Gustav’s Holst’s Second Suite for Military Band made an excellent opener to the programme. The woodwind and brass created a warm, homogenous, well-blended sound with some very pleasing solos. This work is wonderfully tuneful – full of cheerful, foot-tapping melodies, which brought a smile to the faces of the audience and reminded me how important our folk tradition has been in melding us together and both reflecting and shaping our sense of national identity. This could only be British music, written with a sense of national pride. The evocative sentiment of the English pastoral landscape is at the heart of the second movement, where the band captured the essential loveliness of it all. The third movement was slightly rough and ready but perhaps this is in line with its title: “Song of the Blacksmith”. The finale “Dargason” is a rescoring of the finale of “The St Paul’s Suite” (for string orchestra) but works equally well for winds. It might have benefitted from a little more drive but overall the whole performance was impressive and most enjoyable.
Erich Korngold’s Violin Concerto in D major followed, with soloist Mihkel Kerem. This reviewer must put his personal prejudices on the table. This is not music for me – for me it is too overtly self-indulgent. However, the conductor, Brian Northcott, was clearly in sympathy with and fully understands the emotional nature of this piece and coaxed a fine performance from his players. The first movement was full of the rich, lush, post-romantic sound world. In the second movement, an extensive cantilena melodic outpouring for the soloist (in which he produced a sympathetic sound), the emotional flux was followed by the orchestral accompaniment, with detailed shaping. Here the audience seemed captivated. The performance of the third and final movement captured the zest and spiritedness of this quick-silver like music. The soloist displayed great technical facility and his performance was engaging, if at times lacking the full-bodied warmth which is needed in this repertoire.
After the interval we were treated to a performance of George Butterworth’s The Banks of Green Willow, written in 1913. This was a sensitive and enchanting performance of this enduring and quintessentially English music. Butterworth served as a lieutenant in the First World War. He was killed in 1916 at the Battle of the Somme. The quality of this piece leaves us to wonder what he might have achieved had it not been for war – just one aspect of the pity of war.

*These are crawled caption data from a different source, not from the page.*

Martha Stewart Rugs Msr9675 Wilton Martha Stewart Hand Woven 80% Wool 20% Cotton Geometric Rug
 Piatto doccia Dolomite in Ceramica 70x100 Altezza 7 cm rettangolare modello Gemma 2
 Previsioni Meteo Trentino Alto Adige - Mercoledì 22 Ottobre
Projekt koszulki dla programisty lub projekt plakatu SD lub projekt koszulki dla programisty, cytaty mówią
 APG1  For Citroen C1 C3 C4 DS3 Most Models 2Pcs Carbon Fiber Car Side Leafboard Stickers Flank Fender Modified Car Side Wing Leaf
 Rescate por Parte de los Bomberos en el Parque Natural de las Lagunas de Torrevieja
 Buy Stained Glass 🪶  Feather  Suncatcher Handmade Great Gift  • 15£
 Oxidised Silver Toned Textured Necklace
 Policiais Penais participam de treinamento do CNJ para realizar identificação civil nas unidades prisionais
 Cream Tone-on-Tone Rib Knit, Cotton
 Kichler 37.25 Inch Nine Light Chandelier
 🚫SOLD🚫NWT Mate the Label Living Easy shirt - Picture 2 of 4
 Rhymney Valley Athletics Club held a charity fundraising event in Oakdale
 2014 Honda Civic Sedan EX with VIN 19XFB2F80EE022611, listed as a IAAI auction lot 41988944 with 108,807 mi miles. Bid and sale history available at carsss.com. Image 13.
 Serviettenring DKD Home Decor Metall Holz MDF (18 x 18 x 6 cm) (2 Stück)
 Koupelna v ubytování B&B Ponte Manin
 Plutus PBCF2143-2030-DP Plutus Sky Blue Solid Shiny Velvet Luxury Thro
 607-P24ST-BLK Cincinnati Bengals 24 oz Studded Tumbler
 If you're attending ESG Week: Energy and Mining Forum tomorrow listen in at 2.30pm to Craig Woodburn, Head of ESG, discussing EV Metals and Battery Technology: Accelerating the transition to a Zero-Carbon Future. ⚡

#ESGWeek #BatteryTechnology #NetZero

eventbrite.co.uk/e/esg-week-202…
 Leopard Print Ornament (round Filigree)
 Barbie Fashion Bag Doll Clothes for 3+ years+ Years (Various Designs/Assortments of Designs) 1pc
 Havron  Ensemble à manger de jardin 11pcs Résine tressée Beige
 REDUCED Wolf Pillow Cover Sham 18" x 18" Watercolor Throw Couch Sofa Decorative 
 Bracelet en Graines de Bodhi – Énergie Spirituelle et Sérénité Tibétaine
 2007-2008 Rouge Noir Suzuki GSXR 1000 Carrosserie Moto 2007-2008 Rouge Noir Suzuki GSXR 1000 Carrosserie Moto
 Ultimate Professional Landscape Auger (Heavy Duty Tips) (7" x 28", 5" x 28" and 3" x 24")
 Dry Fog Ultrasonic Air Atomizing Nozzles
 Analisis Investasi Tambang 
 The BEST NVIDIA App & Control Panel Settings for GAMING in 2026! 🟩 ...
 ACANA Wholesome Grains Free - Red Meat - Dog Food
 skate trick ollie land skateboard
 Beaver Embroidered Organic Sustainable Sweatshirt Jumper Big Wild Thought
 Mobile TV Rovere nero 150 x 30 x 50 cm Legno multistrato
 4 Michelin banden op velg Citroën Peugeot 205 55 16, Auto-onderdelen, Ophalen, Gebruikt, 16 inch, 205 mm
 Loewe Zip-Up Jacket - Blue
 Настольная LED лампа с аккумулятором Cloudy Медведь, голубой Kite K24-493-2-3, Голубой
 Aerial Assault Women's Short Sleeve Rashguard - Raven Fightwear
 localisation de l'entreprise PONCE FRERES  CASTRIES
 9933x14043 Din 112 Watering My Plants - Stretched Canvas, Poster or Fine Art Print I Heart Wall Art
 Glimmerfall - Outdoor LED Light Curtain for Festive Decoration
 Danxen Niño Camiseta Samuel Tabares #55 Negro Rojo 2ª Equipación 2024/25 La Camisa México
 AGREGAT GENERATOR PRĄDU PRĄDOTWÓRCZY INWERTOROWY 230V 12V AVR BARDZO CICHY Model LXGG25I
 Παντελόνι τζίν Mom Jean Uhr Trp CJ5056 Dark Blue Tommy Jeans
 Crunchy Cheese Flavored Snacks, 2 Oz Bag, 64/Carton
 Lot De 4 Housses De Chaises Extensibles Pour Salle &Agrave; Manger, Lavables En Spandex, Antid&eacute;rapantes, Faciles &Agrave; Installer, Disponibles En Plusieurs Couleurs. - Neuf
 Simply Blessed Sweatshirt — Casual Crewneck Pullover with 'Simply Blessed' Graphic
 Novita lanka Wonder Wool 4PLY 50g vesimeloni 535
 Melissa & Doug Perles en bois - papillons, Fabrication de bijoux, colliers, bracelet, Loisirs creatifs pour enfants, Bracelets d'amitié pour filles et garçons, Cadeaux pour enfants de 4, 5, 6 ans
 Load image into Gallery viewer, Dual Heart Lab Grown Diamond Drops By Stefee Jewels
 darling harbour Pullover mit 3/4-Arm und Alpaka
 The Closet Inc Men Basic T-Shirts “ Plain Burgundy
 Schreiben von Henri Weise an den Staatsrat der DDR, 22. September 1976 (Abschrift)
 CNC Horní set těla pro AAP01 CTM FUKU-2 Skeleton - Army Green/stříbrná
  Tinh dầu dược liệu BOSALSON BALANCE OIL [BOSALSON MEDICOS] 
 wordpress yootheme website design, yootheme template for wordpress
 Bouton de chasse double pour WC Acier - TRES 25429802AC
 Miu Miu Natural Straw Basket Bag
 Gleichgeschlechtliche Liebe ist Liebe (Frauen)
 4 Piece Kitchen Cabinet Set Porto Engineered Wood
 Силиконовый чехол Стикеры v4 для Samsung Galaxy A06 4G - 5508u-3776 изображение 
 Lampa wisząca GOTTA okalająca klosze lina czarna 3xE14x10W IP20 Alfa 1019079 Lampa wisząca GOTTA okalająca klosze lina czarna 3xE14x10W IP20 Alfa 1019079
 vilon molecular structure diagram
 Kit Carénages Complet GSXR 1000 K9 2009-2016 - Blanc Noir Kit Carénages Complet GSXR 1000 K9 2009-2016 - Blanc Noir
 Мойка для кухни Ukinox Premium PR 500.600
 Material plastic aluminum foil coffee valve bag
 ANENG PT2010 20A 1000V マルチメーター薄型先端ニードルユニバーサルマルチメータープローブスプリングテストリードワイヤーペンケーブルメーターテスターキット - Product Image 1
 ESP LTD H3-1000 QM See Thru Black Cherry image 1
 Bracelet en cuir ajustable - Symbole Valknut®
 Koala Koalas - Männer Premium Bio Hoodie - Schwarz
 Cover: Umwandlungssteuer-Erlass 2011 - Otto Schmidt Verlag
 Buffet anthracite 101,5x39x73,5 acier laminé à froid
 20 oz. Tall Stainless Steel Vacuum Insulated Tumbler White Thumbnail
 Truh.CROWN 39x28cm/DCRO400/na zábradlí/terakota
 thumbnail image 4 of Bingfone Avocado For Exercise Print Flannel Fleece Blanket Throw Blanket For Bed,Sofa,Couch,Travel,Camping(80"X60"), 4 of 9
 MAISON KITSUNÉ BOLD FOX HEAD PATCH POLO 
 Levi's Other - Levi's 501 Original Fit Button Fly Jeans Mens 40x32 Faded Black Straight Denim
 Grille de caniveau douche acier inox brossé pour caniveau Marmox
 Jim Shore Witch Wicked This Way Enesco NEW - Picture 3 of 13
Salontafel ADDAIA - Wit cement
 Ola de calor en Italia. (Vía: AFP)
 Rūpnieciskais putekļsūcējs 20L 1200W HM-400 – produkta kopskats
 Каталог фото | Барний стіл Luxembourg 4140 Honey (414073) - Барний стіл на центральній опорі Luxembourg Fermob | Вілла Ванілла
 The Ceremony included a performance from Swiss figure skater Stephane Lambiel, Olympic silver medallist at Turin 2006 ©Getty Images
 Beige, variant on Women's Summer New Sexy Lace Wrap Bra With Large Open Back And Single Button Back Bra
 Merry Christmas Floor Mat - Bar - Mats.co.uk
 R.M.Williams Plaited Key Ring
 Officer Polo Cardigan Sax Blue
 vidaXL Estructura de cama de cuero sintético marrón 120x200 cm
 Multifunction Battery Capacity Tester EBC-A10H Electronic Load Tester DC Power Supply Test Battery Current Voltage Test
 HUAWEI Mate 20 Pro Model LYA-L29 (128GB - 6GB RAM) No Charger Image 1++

The concert concluded with the most ambitious performance – Symphony No 6 in E minor by Ralph Vaughan Williams. Finished in 1948 and with its cataclysmic opening and the emotional tone throughout many have claimed that this work must have been influenced by war. Vaughan Williams himself denied this, stating the work had no overt programme. This may well be true; however, this piece takes us through an expressive journey which includes both the terrifying and, to use a fanciful analogy, a glacial wasteland and much emotional turmoil which lies in between. Such emotional states do not have to be inspired by or be indicative of war – but may be seen to have much to do with it! The orchestra seemed to grasp this work with both hands and perform it from the inside, displaying great understanding of its emotional content. It is not an easy work to play and they had clearly worked very hard at it; work which paid off in spades. I felt as if I had been through an emotional rollercoaster and taken to some very challenging (and questioning) places. Vaughan Williams may well be a composer with some technical limitations but he was a composer who often had something very important to say and this work is a good example of such where the content triumphs over whatever technical weaknesses there may be. I take my hat off to the conductor and orchestra for opening up this work and their achievement in this performance.